● Given information
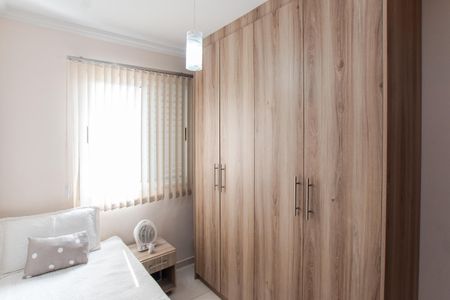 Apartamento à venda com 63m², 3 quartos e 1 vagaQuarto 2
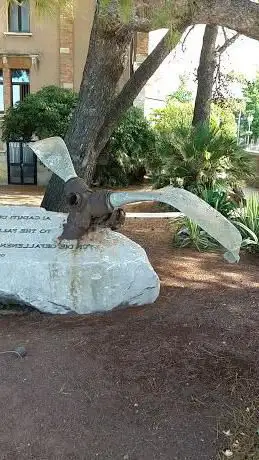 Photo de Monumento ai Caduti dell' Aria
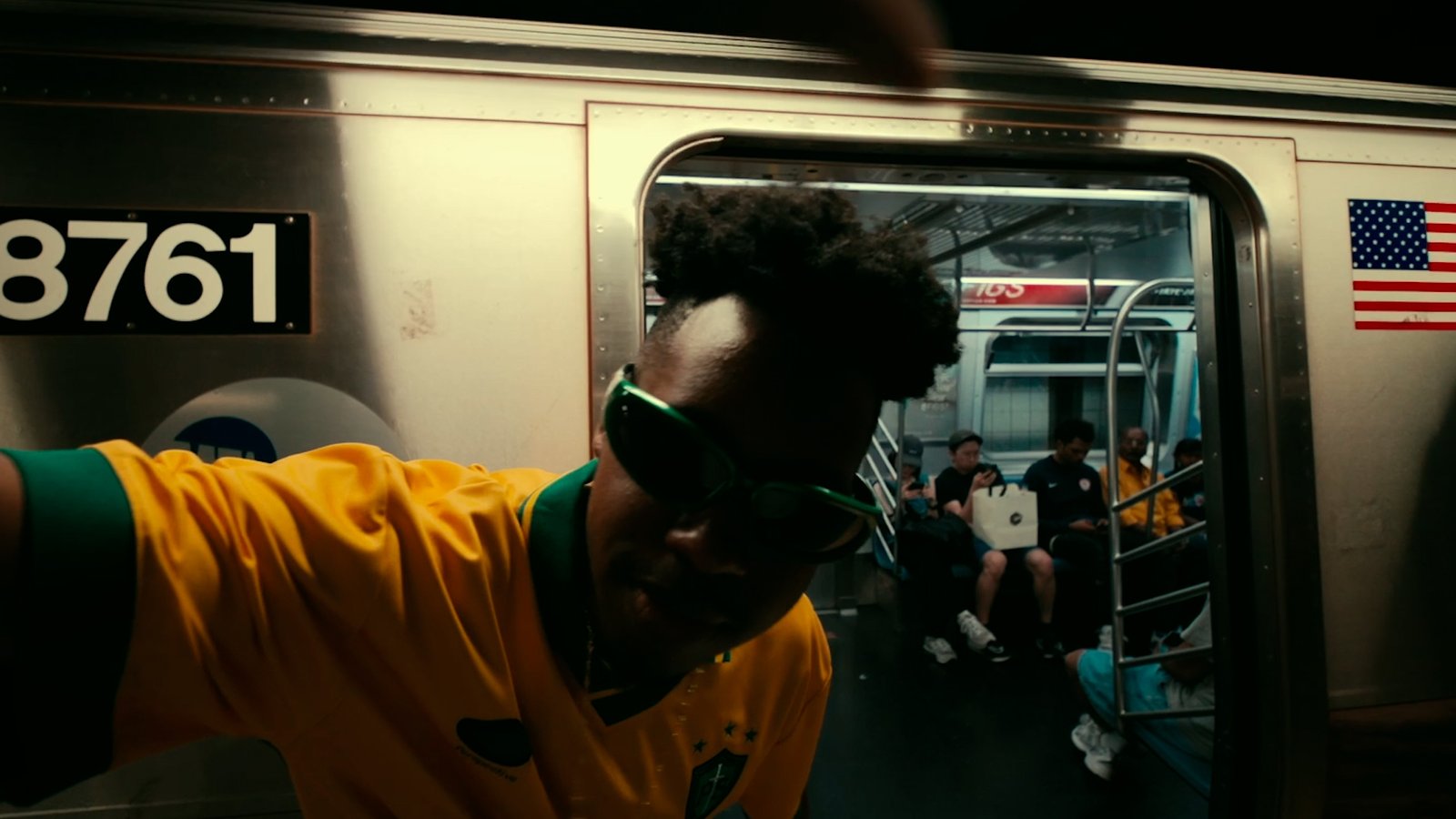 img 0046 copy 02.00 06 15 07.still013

● Problem description
Please set the data above down exactly, with the pictures removed.

● Exercise output
 Apartamento à venda com 63m², 3 quartos e 1 vagaQuarto 2
 Photo de Monumento ai Caduti dell' Aria
 img 0046 copy 02.00 06 15 07.still013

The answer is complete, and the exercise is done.